What to work on: Your answer must be the full listing, reproduced exactly, minus any pictures.

┌─ The input

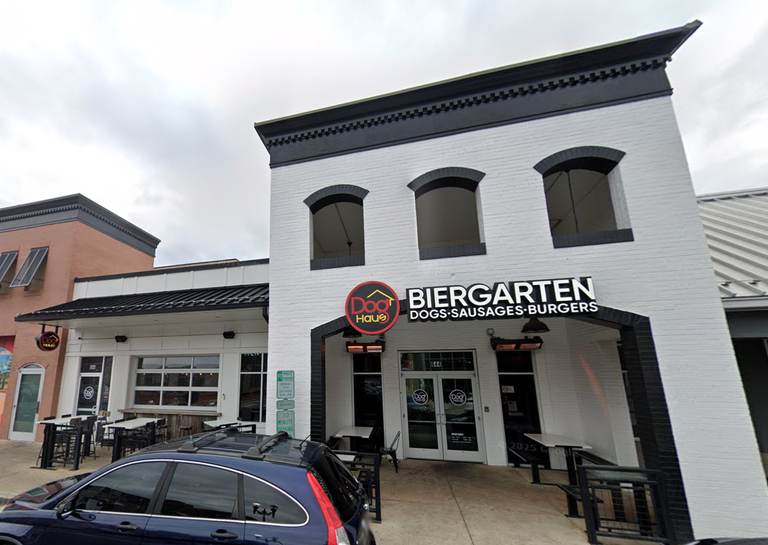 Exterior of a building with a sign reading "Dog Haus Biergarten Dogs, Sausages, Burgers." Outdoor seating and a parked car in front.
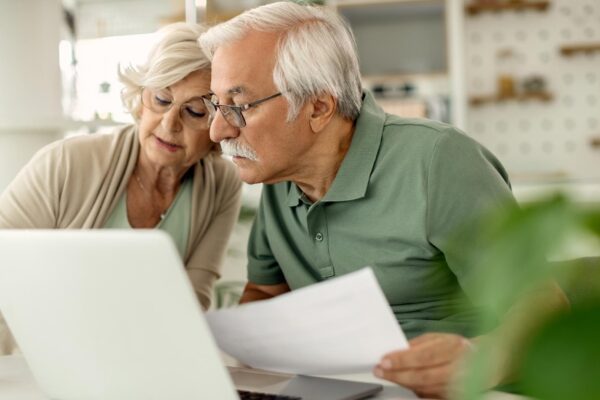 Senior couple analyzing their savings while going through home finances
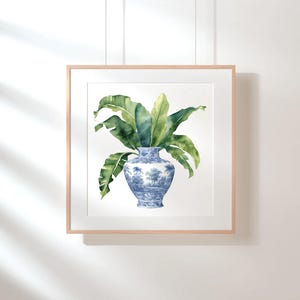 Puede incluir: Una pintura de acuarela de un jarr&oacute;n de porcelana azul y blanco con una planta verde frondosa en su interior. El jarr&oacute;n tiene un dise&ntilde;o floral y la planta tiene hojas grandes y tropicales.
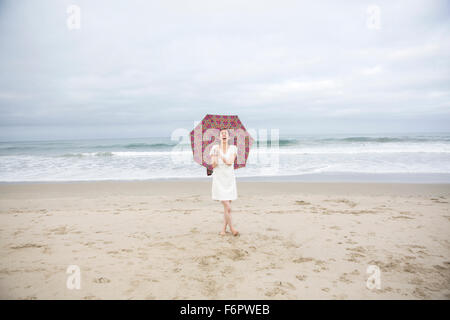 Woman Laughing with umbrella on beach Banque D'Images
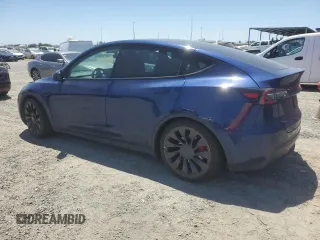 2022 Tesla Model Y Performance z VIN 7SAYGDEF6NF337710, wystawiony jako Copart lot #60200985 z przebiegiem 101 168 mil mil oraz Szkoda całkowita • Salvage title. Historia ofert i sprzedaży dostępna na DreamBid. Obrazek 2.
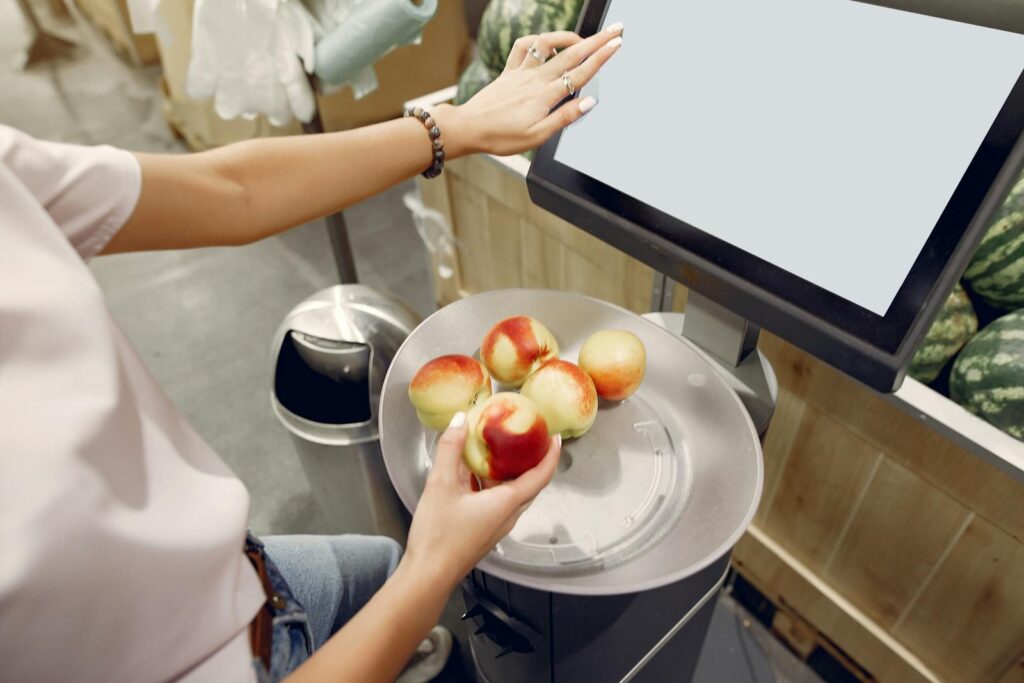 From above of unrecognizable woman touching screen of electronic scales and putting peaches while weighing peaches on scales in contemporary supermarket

└─

Exercise answer:
 Exterior of a building with a sign reading "Dog Haus Biergarten Dogs, Sausages, Burgers." Outdoor seating and a parked car in front.
 Senior couple analyzing their savings while going through home finances
 Puede incluir: Una pintura de acuarela de un jarr&oacute;n de porcelana azul y blanco con una planta verde frondosa en su interior. El jarr&oacute;n tiene un dise&ntilde;o floral y la planta tiene hojas grandes y tropicales.
 Woman Laughing with umbrella on beach Banque D'Images
 2022 Tesla Model Y Performance z VIN 7SAYGDEF6NF337710, wystawiony jako Copart lot #60200985 z przebiegiem 101 168 mil mil oraz Szkoda całkowita • Salvage title. Historia ofert i sprzedaży dostępna na DreamBid. Obrazek 2.
 From above of unrecognizable woman touching screen of electronic scales and putting peaches while weighing peaches on scales in contemporary supermarket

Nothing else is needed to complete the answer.